In the entries below, count every line with the string "that". State the count and nothing else.

##### Data in this exercise #####

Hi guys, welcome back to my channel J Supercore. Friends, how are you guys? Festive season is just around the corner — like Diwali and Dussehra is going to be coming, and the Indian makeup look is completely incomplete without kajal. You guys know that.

#####
##### Data in this exercise #####

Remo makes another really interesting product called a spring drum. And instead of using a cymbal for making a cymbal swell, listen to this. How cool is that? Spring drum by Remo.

#####
##### Data in this exercise #####

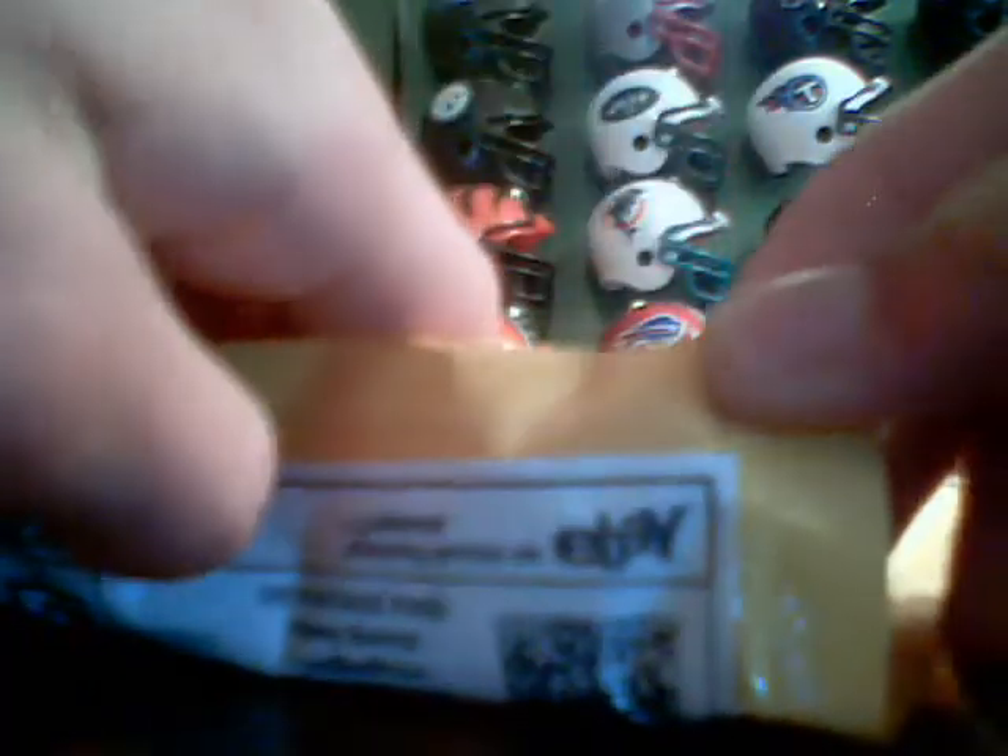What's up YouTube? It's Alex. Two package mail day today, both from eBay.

#####

## Solution to this task
2